…a passing. A quiet exit: a labored curtsy, a smile. I keep seeing her in that photo from the week before, at the birthday of her two granddaughters. I think this is how I will see her from now on, old, frail, and laughing with eyes closed, hands on her lap, wedding ring on, cross sitting on her bosom, surrounded by that small part of the world that was of her own making, loved, hated, loved again, mother, grandmother, great-grandmother. This is a strange sadness, diffuse, dull, erratic, unpredictable- I miss her so. I miss knowing she was there, in her dark home, head stooped, eyes long blind, but there where I could reach out and touch her-
In the casket, a white gardenia was set at the side of her head in that bed of white chrysanthemums where she lay. I still wonder who left it there.
…a sense of growing up – agony replaced by satisfaction replaced by panic replaced by relief.

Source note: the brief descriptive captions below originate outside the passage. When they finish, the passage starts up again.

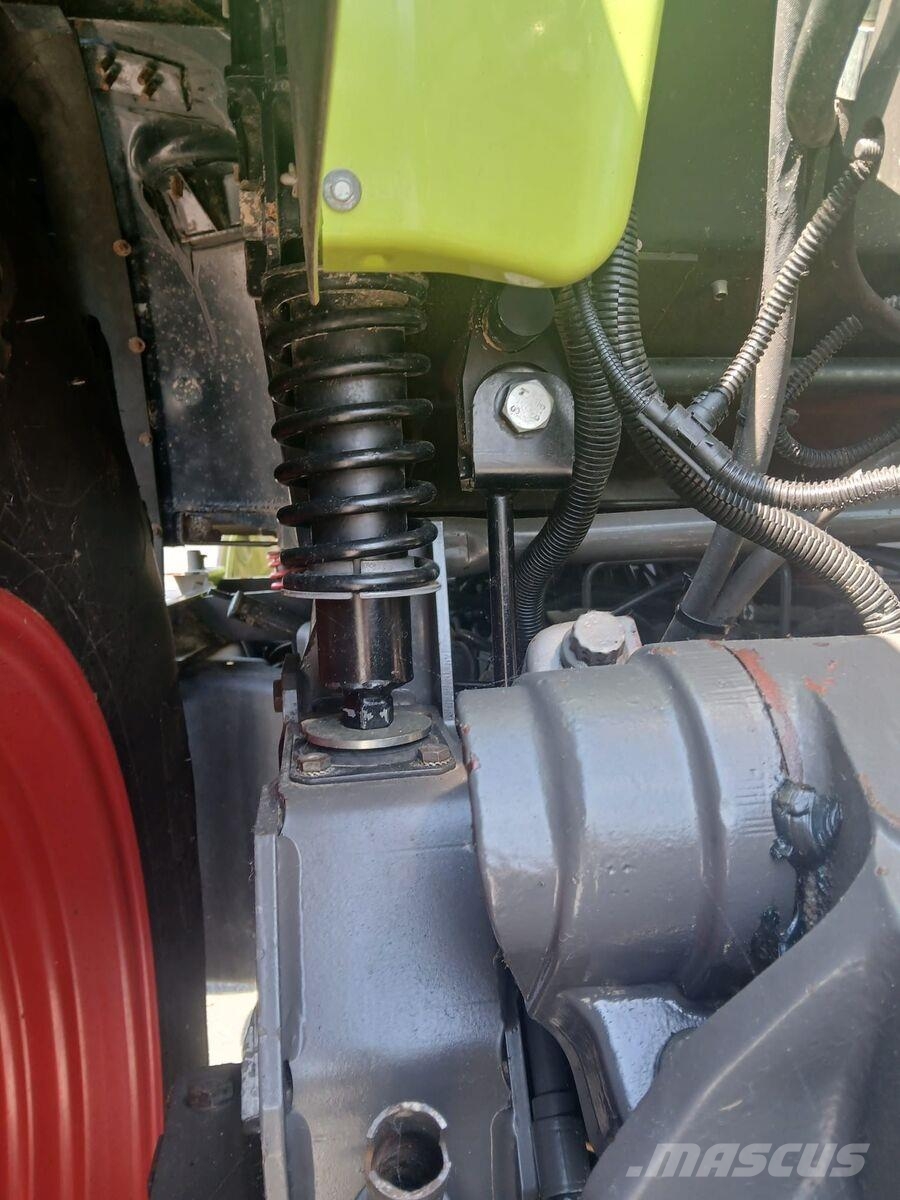 CLAAS Axion 840 트랙터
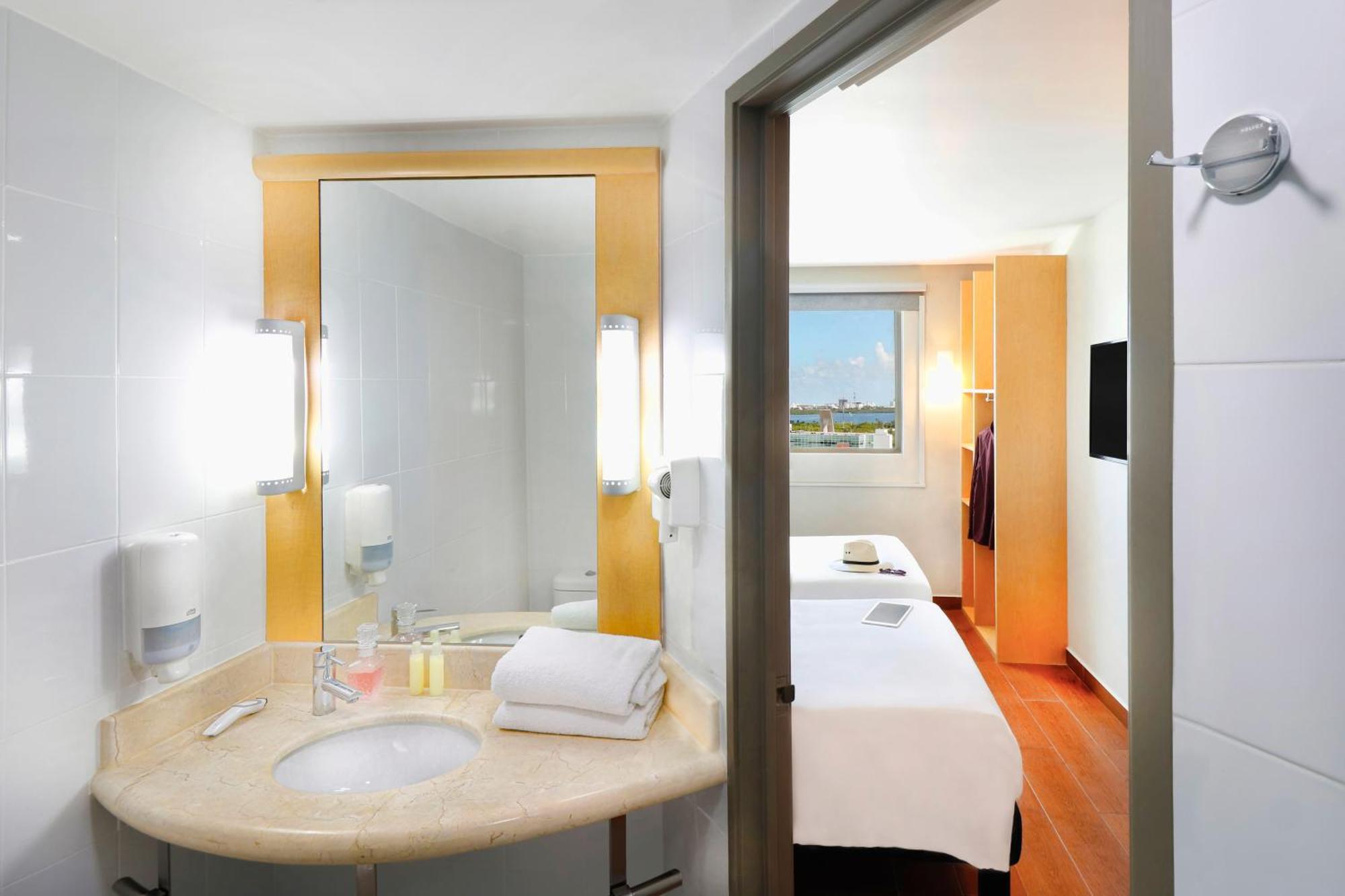 Ibis Cancun Centro Eksteriør bilde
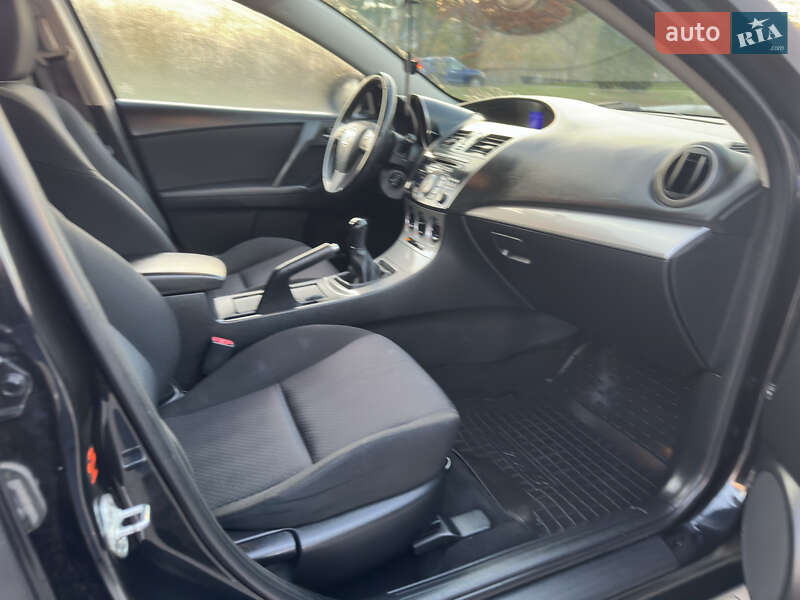 Хетчбек Mazda 3 2009 в Броварах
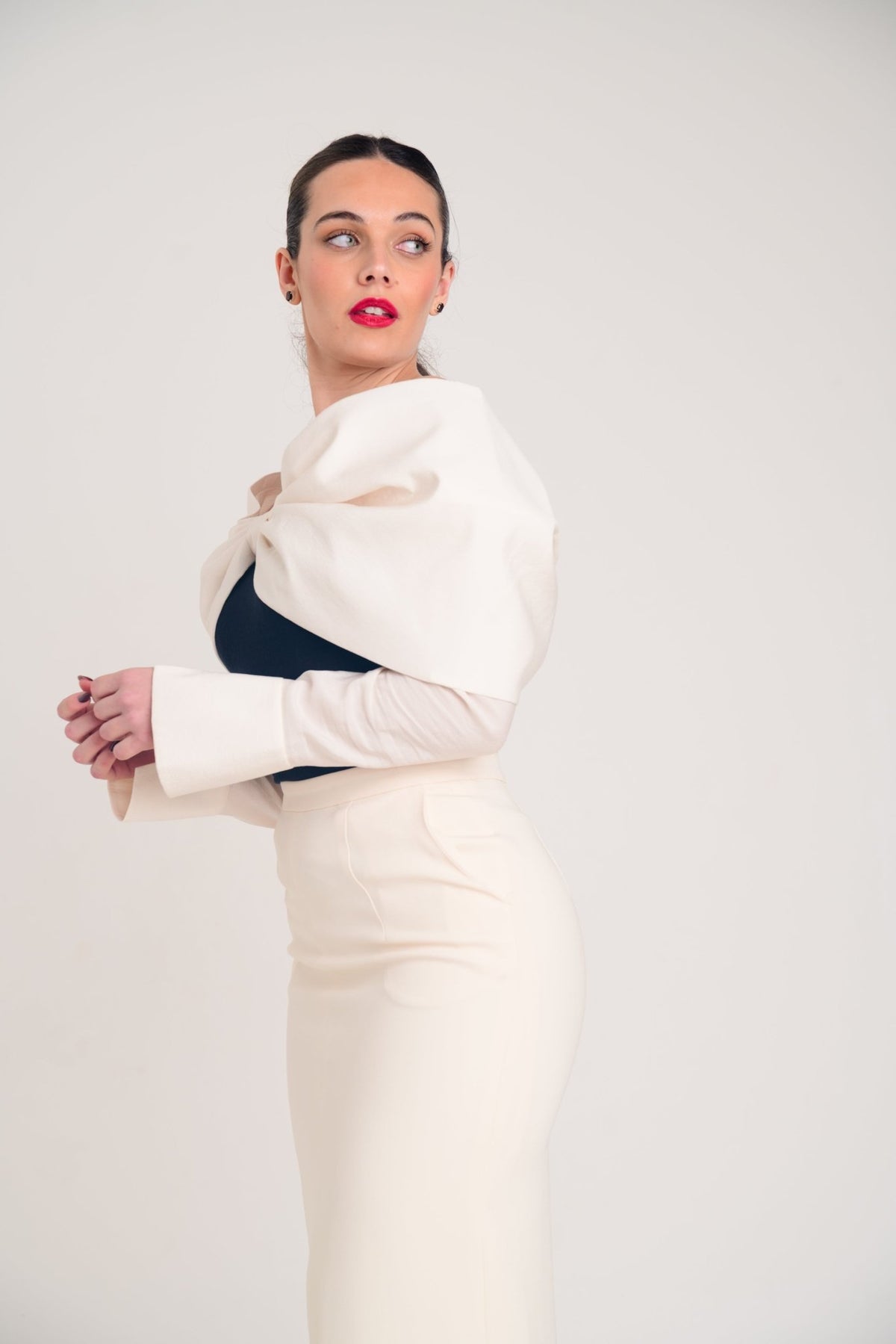 BLUSA 04 – Blusa off-the-shoulder con lazo - RINNACE RINNACE BLU04-IV-SBLUSA 04 – Blusa off-the-shoulder con lazo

You can do it; must do it or no one else will; have done it; will have to do it again; Learning you alone are there to give the pep talk and pat your own back when all is said and done. Life is finally here, and now.
…a little boy with bouts of assorted phobias. We have resolved to stay calm, let him explore the world and embrace the fear it sometimes inspires so he can walk past it, and be brave and strong. I am writing in the journal I keep so I can one day hand him a small piece of his very young life: put one hand around your fear and use the other to push your way through life.
…a night on the beach, under a full moon. How lucky we are to have access to such simple beauties – a relaxed conversation with friends, sand between your toes, our kids scampering around, small bites held tight in their tiny indifferent hands, a cool breeze like a whispering of reassuring words- It’s time to give thanks for what we have been given.